Just saw this one pop up on my Craigslist but it's physically a bit north in Canada. I guess these guys value these quite highly so I see why your $1,300 didn't take yours home. :sad2: Too bad it didn't.
You still managed to grab a really nice Wheel Horse IMHO.

https://minneapolis.craigslist.org/hnp/grd/d/1970-economy-tractor/6661817447.html

.


----------



## tdipaul (Jul 11, 2015)

.
thats a 24" tire version they are the most sought after. Thing is, a nice Farmall or International Cub can be had for about the same $ and IMO they offer "more" tractor and are much easier to get parts. 

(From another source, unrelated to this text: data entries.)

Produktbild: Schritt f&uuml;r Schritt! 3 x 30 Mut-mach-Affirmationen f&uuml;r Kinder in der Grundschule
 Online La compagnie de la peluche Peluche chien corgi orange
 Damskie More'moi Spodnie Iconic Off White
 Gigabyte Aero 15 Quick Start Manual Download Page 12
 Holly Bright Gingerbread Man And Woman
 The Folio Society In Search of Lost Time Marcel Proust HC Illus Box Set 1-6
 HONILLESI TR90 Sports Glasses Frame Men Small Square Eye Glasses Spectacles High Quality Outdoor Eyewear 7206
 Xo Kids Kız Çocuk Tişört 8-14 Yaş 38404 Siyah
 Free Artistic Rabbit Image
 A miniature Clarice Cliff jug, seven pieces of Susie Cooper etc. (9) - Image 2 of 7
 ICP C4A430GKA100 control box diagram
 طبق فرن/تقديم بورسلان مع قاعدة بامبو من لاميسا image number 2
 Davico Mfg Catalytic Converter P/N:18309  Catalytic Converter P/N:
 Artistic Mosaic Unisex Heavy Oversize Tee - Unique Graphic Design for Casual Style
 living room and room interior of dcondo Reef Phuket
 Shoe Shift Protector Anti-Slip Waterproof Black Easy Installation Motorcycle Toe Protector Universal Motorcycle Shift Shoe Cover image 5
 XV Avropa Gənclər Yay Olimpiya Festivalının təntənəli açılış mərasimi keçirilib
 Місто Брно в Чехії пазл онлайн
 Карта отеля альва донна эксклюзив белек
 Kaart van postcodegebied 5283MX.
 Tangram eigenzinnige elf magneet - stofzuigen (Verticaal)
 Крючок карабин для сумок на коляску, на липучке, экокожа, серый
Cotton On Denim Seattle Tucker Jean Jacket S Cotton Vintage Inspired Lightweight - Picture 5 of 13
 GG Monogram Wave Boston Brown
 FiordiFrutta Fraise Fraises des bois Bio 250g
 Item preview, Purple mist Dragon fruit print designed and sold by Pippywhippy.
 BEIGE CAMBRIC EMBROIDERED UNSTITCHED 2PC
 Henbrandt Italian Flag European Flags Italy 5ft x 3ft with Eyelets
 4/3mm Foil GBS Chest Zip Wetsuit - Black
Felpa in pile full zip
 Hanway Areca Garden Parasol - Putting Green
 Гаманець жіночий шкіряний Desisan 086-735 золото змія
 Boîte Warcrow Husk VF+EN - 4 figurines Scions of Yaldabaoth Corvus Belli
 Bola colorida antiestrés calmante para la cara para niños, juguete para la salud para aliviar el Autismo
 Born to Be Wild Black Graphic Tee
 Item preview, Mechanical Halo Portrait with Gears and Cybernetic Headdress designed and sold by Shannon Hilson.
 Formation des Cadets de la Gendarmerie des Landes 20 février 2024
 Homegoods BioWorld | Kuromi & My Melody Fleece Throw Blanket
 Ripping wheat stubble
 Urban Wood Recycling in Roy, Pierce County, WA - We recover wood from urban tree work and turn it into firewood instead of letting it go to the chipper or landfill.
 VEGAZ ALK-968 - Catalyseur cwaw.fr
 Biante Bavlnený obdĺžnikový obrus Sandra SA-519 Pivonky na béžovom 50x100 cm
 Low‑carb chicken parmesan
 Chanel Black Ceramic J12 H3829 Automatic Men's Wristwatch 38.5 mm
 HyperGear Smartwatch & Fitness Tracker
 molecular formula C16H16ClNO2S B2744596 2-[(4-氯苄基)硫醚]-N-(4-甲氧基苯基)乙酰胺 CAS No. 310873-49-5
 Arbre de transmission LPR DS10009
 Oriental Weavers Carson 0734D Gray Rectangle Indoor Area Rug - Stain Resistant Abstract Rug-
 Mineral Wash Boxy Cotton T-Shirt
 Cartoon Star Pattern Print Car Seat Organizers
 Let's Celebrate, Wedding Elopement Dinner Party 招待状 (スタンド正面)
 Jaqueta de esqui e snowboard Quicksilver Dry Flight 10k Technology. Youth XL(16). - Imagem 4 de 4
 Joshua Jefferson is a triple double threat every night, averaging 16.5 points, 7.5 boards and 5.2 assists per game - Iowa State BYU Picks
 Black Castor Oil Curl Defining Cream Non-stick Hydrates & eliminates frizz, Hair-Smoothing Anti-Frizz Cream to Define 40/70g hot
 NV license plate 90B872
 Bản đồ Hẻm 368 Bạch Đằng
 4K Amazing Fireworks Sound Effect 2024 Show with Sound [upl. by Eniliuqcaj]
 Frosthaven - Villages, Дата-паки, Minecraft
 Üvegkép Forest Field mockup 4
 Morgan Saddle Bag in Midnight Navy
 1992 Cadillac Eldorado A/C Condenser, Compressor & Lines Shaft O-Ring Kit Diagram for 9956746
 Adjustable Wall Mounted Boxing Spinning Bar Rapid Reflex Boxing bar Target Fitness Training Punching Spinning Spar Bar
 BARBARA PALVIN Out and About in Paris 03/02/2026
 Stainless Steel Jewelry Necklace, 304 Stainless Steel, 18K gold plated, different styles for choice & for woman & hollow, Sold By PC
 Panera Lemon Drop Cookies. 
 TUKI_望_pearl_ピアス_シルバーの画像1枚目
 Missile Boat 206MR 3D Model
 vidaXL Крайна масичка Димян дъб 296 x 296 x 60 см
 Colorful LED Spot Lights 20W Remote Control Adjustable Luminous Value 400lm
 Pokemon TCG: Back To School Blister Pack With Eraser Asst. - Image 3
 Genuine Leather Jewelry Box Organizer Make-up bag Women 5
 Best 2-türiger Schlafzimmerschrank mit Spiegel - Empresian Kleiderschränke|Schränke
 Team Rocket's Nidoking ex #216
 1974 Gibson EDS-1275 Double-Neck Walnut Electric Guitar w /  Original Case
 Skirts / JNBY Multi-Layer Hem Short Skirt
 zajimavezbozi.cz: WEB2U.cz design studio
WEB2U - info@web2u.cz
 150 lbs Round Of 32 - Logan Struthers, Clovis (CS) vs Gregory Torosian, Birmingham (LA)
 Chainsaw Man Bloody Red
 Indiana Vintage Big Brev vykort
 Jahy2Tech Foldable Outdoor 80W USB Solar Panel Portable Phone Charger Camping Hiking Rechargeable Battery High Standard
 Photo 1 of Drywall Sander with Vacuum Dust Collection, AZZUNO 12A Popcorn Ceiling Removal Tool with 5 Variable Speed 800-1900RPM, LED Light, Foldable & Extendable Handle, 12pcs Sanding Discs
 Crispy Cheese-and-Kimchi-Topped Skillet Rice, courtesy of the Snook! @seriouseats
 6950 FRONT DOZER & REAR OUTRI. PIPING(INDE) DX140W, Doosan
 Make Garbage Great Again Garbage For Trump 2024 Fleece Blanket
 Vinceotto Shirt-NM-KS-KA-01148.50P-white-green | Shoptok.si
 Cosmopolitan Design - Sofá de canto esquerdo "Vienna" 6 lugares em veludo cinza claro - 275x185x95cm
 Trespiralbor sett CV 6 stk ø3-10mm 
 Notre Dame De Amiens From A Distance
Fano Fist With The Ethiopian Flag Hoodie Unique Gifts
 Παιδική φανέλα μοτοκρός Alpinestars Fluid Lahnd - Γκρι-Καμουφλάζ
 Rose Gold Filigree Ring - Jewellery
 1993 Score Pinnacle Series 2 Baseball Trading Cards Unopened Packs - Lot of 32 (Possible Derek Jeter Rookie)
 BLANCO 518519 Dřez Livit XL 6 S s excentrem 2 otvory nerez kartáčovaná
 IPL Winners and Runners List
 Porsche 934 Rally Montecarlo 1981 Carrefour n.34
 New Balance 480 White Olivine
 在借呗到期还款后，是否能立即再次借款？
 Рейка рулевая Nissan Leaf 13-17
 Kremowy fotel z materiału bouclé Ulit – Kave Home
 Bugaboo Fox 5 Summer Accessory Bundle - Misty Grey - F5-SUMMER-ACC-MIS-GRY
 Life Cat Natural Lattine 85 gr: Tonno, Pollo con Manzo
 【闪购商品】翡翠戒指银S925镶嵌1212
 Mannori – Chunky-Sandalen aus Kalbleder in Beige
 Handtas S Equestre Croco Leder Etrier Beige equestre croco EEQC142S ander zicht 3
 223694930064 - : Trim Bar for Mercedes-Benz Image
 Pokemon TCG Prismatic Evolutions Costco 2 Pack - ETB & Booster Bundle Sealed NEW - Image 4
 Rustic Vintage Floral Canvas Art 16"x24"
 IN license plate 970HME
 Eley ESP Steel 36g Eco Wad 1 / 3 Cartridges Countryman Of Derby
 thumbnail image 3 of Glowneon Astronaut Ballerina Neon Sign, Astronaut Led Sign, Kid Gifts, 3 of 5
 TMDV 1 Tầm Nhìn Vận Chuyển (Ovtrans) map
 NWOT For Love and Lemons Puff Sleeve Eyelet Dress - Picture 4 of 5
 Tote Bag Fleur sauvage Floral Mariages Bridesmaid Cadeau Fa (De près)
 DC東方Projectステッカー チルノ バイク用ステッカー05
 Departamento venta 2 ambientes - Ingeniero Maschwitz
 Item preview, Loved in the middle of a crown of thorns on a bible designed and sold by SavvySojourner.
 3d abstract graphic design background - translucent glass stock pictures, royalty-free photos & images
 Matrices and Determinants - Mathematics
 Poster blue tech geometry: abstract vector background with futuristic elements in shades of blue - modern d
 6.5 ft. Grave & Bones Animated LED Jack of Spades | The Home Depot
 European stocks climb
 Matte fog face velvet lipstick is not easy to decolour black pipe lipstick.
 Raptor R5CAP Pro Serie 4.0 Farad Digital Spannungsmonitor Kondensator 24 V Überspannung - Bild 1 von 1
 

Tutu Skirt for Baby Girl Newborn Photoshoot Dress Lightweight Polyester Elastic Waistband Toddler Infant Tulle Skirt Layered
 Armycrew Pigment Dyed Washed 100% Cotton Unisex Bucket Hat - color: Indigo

Im liking the Horse a lot, no regrets at all

Cubs...

https://philadelphia.craigslist.org/grd/d/farmall/6625173503.html

https://cnj.craigslist.org/grd/d/cub-low-boy-lawn-mower-154/6634787488.html


----------



## 69ariens (Jan 29, 2011)

I like wheel horses too. Nice job


----------



## 140278 (Aug 27, 2020)

powerking your post has been moved to parts wanted


----------



## Byro. Byron (Sep 2, 2021)

POWERSHIFT93 said:


> *Looks cool but not digging the lack of sheet metal around the drive shaft area. don't see any safe place to rest your tired tootsies either. I would pass on that 1 just my 2 cents anyway.*


What you seeing is a safety pipe covering solid round stock driveshaft spinning inside


----------